*BRIEF*.
The answer must consist solely of the lines from the opening line of the entries through the line with "Полгорода без тепла: в", transcribed exactly and without any pictures.

*EXTRACTED DATA*.

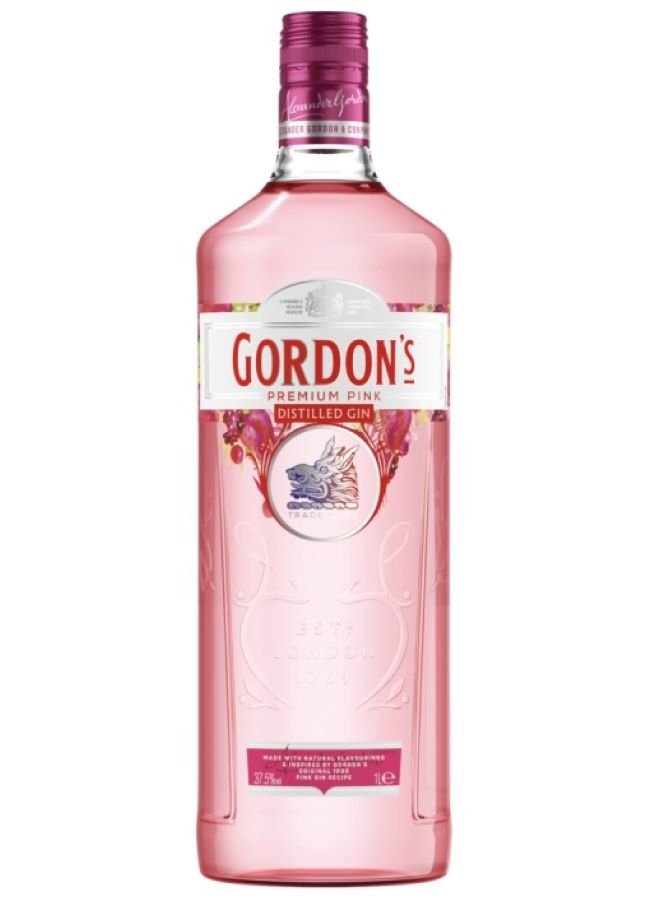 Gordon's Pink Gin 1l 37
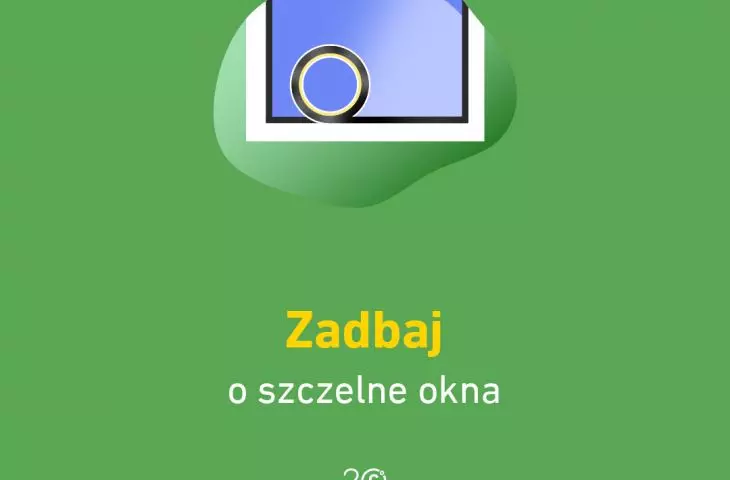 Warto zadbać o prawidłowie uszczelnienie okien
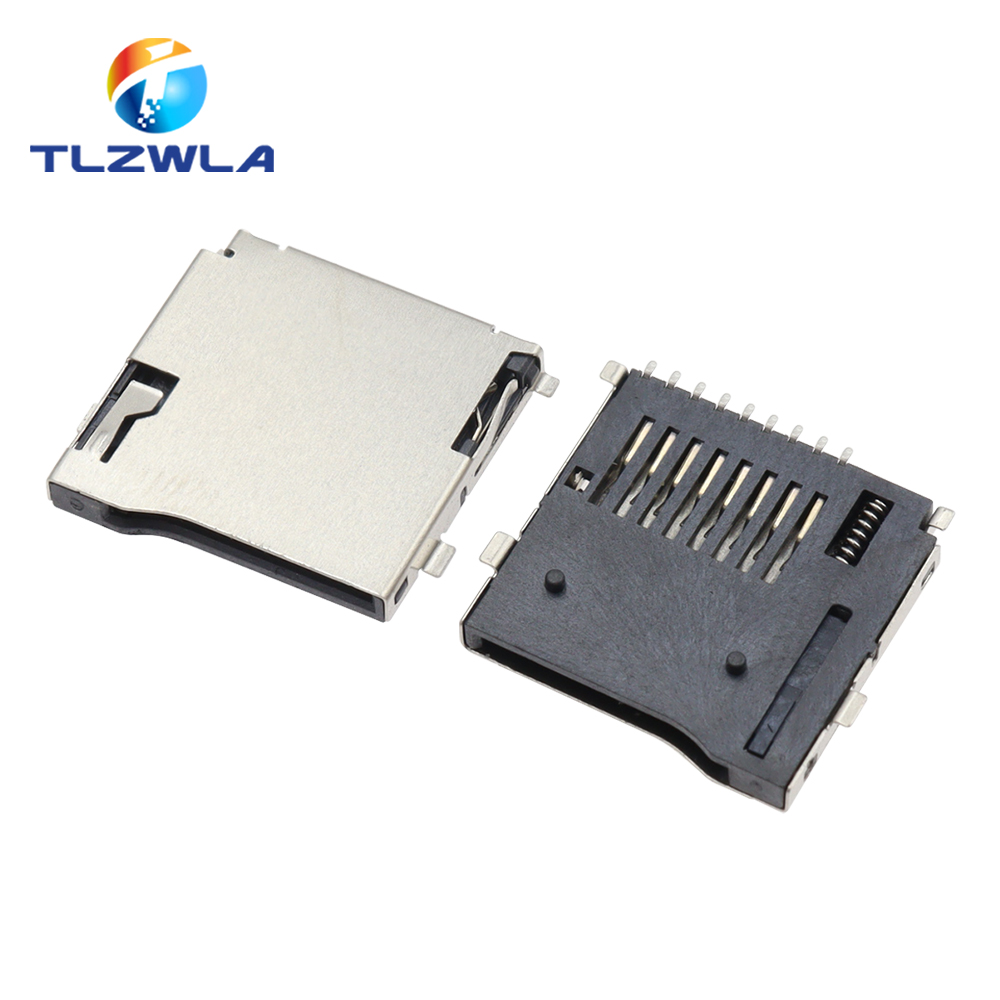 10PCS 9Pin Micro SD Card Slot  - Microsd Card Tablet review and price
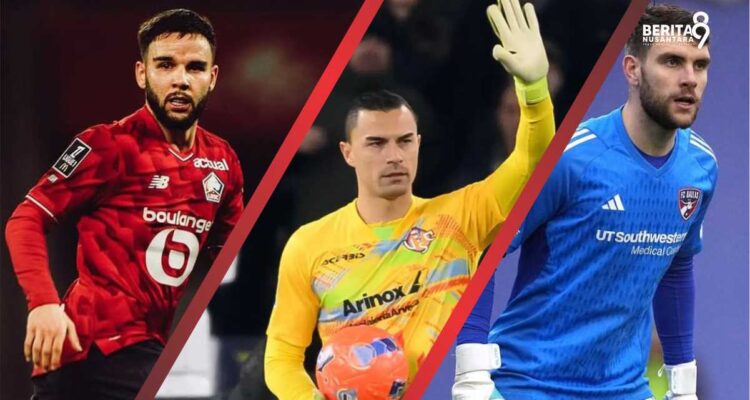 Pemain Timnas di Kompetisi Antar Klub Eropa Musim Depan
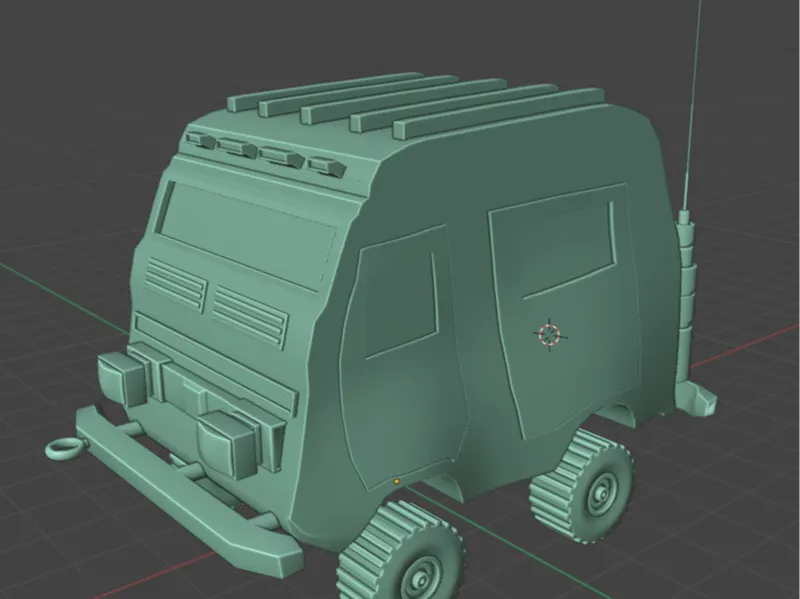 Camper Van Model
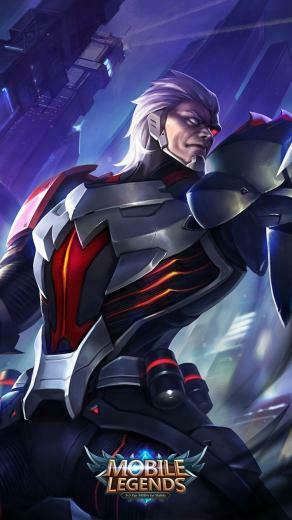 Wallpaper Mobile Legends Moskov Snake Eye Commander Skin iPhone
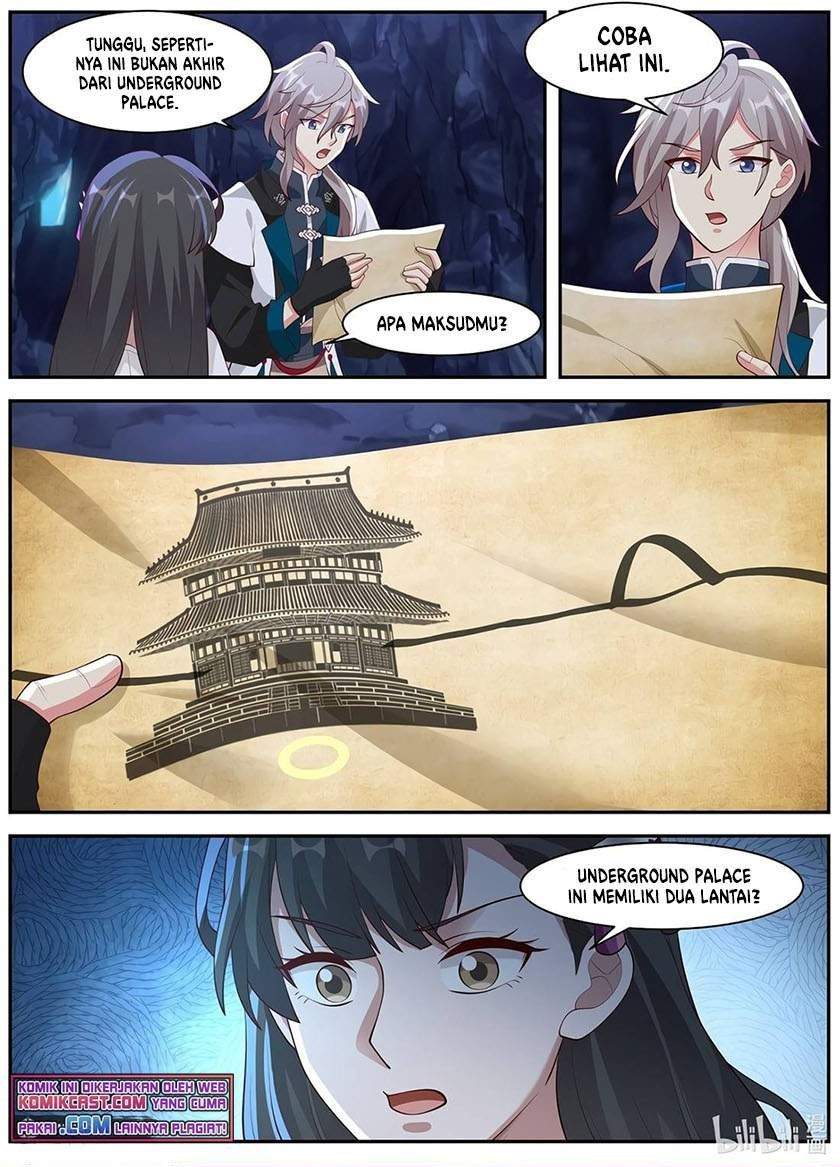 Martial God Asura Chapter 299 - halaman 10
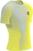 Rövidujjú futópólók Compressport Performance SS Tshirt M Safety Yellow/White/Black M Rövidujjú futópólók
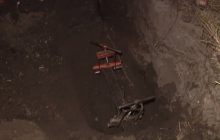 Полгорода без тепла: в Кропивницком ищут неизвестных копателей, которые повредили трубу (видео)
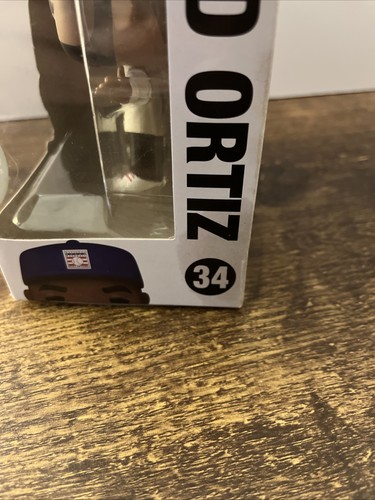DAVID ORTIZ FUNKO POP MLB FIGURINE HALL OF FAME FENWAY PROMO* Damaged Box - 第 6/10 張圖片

*ANSWER TO THIS TASK*.
 Gordon's Pink Gin 1l 37
 Warto zadbać o prawidłowie uszczelnienie okien
 10PCS 9Pin Micro SD Card Slot  - Microsd Card Tablet review and price
 Pemain Timnas di Kompetisi Antar Klub Eropa Musim Depan
 Camper Van Model
 Wallpaper Mobile Legends Moskov Snake Eye Commander Skin iPhone
 Martial God Asura Chapter 299 - halaman 10
 Rövidujjú futópólók Compressport Performance SS Tshirt M Safety Yellow/White/Black M Rövidujjú futópólók
 Полгорода без тепла: в Кропивницком ищут неизвестных копателей, которые повредили трубу (видео)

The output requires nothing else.